Heat dispersion in electronic and mechanical systems is a key factor in the thermal planning of the system. Heat sources within a system can be varied and different, requiring creative solutions for dispersing the heat. An important and irreplaceable tool in this regard is thermal analysis, in which heat sources and their influence on their surroundings are examined. There are many variances of heat source and each one requires a different mechanism of transfer: conduction, convection and radiation.
Transmission of heat through conduction occurs in an object with no moving parts. However, the heat potential moves through the entire object. For example, a metal heat with one hot edge, and one cold. If the sheet is left, with no external influence, the heat will move to the cold edge until the temperature is the same over the entire plate. This “movement” is the potential heat of the sheet over its entirety.
Heat transfer by convection, consists of heat transfers between solid and liquid through the boundary layers adjacent to the solid as well as heat transfer in the flow itself (diffusion).

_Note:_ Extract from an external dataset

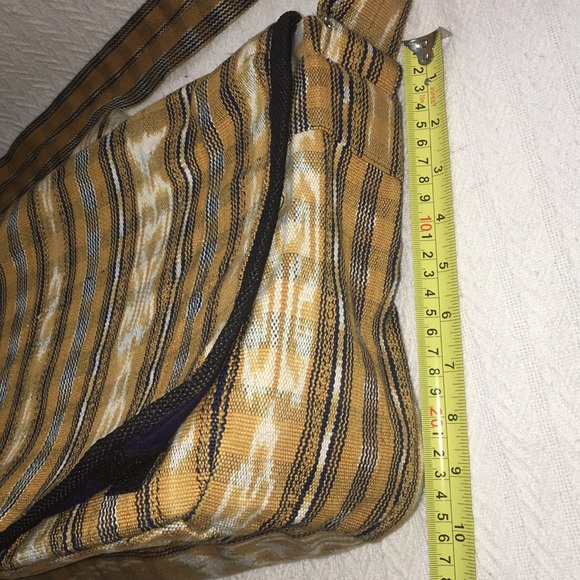 LIN CANOLA Guatemalan handwoven messenger bag - Picture 10 of 11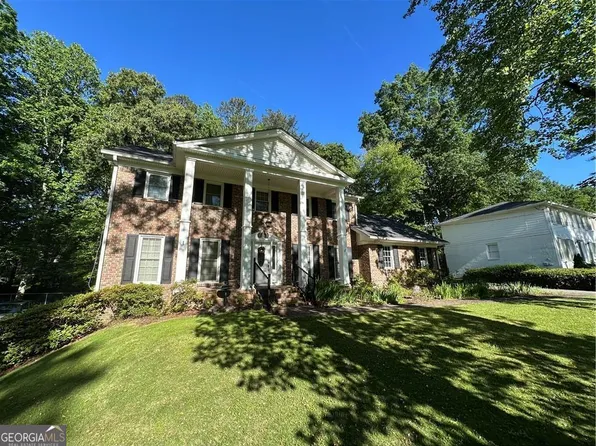 4848 Village Creek Dr, Atlanta, GA 30338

There are two types of convection: forced convection and natural convection. Forced convection occurs under an initiated flow such as a pump or blower. Natural convection occurs through natural flow without any external constraint.
Heat transfer by radiation is essentially electromagnetic radiation emitted from objects. Electromagnetic radiation results from charges moving in space, and thus every object emits such radiation. Examples of electromagnetic radiation include sunlight, ultraviolet light, and infrared light. Electromagnetic radiation has unique properties in that surface properties affect the radiation properties, where a key determinant of the radiation is density. Radiation (including solar) can be concentrated in a very limited area for example by mirrors as opposed to convection or conduction.
A thermal system combines all three heat transfer mechanisms: conduction, transport and radiation, between different materials with various sizes and properties. For example: a chip with a heat sink - in this system there is transmission throughout the system, a chip glue and a heat sink. Between the system and the environment there is convection and radiation.
Examining heat transfer in a given system requires defining all the relationships of the components between themselves and between the environment to accurately describe the problem numerically.